Странное поведение Альберта, вызвавшее у двух его белых друзей грустные предчувствия, было отмечено также родными и главой Хермансбургской миссии. После возвращения Альберта к старому очагу его семья и пастор Шерер делали все, чтобы пробудить его к жизни. Но Альберт оставался безучастным ко всему и целыми днями сидел у хижины, в которой поселился с Рубиной. В конце концов под влиянием пастора Шерера он принял предложение относительно дома в Папунье.
В Папунье Фицы сделали все, чтобы Альберту и Рубине жилось в их новом доме как можно уютнее и удобнее. Рубина не знала, как благодарить их, но Альберт, все еще погруженный в летаргию, предпочитал одиночество. Часами сидел он, устремив взгляд вдаль. Но вот мало-помалу у него стал пробуждаться интерес к живописи. Он даже принимался писать, но, едва начав картину, впадал в какой-то транс и уже не делал ни одного мазка за день; дождавшись заката, Альберт любовался багряными горами, отбрасывавшими длинные тени на красные равнины.
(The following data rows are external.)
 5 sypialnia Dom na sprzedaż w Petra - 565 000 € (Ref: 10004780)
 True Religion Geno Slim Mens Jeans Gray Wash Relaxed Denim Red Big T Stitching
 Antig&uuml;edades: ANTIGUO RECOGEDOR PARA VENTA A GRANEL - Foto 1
А когда неожиданно налетавший холодный ветер пустыни и быстрокрылые птицы, ищущие укрытия на ночь, выводили его из задумчивости, собирал краски, кисти, брал неоконченную работу и тащился домой.
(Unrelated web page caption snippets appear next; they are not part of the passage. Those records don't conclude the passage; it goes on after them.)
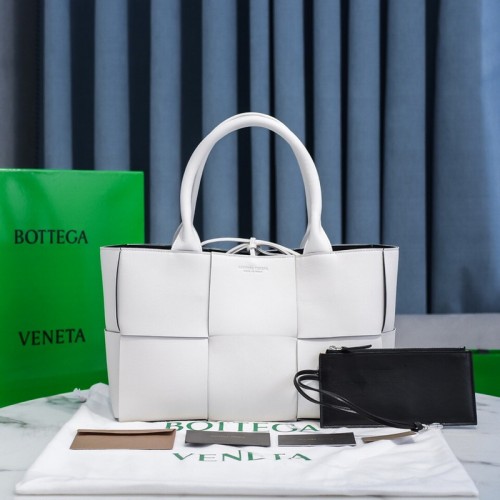 Bottega Veneta Arco Tote Bag White Bottega Veneta Arco Tote Bag White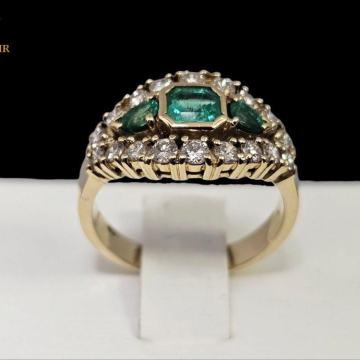 ZLATNI PRSTEN S DIJAMANTIMA 0,54ct / R1, RATE !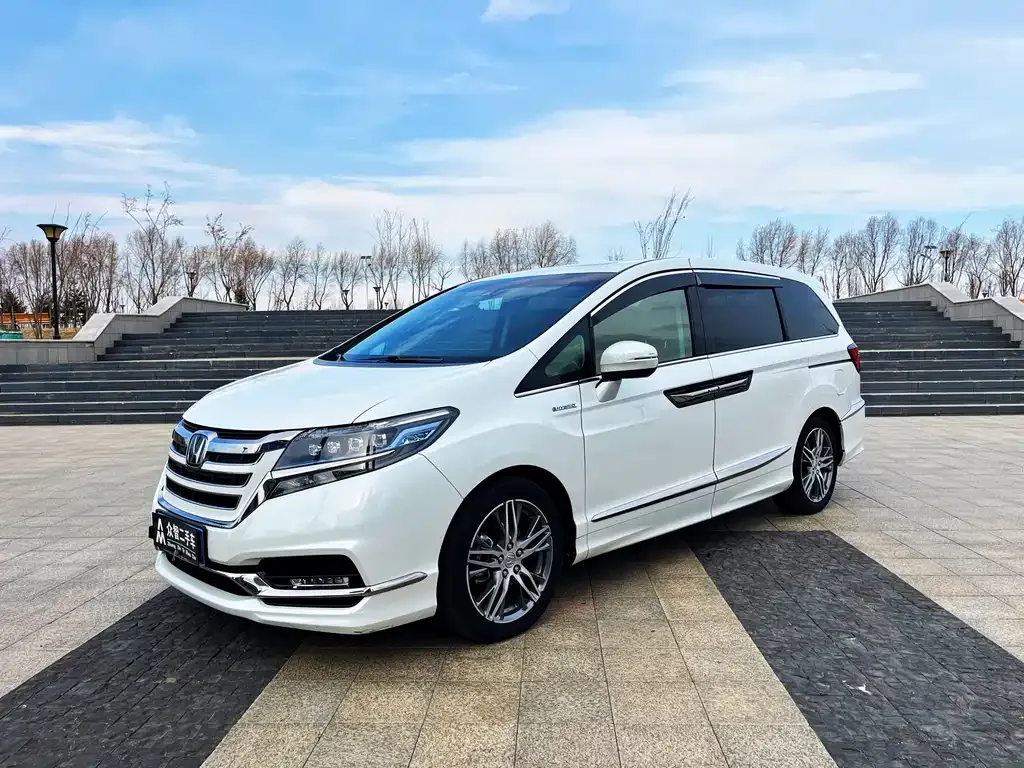 Honda Elysion 2021 из CN, фото 1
Постоянная апатия Альберта не давала покоя Фицу. Последнюю надежду он возлагал на то, что живопись поможет пробудить его. Однажды он подошел к Альберту, когда тот, по обыкновению, сидел один, и спросил, не закончил ли он какой-либо картины. Ни слова не говоря, Альберт вытащил из этюдника несколько акварелей. Написанные грубо, крикливо, они служили наглядным свидетельством глубокого душевного расстройства старого человека. Природная тонкая наблюдательность все еще проявлялась в рисунке громоздящихся гор и изящных белесых эвкалиптов, но чувство цвета, которое отличало его предшествующие работы, совершенно отсутствовало.
Эта живопись встревожила Фица. Он протянул картины обратно Альберту, мучительно соображая, что же ему сказать. Помолчав, он спросил Альберта, что он собирается с ними делать. Альберт сказал, что, может быть, отдаст картины Еноху, чтобы тот отправил их Бэттерби, но по его тону было ясно, что его нисколько не заботит, что станется с ними.